**PROBLEM STATEMENT**
Every line of the material must be given again verbatim. Skip the images.

INFORMATION PROVIDED START

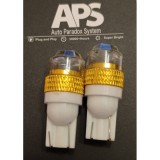 Set 2 becuri auto W5W/T10-3W cu lupa alb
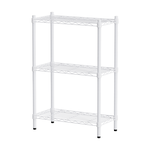  【Y HOUSE】60x30x90cm Lightweight Three-layer Iron Rack Iron Rack Shelf-Painted White, , large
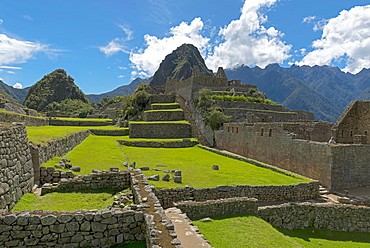 Ruins of Machu Picchu, UNESCO World Heritage Site, Peru, South America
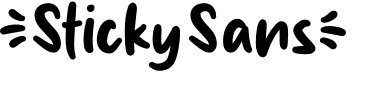 Sticky Sans Font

INFORMATION PROVIDED END

**RESPONSE BELOW**
 Set 2 becuri auto W5W/T10-3W cu lupa alb
  【Y HOUSE】60x30x90cm Lightweight Three-layer Iron Rack Iron Rack Shelf-Painted White, , large
 Ruins of Machu Picchu, UNESCO World Heritage Site, Peru, South America
 Sticky Sans Font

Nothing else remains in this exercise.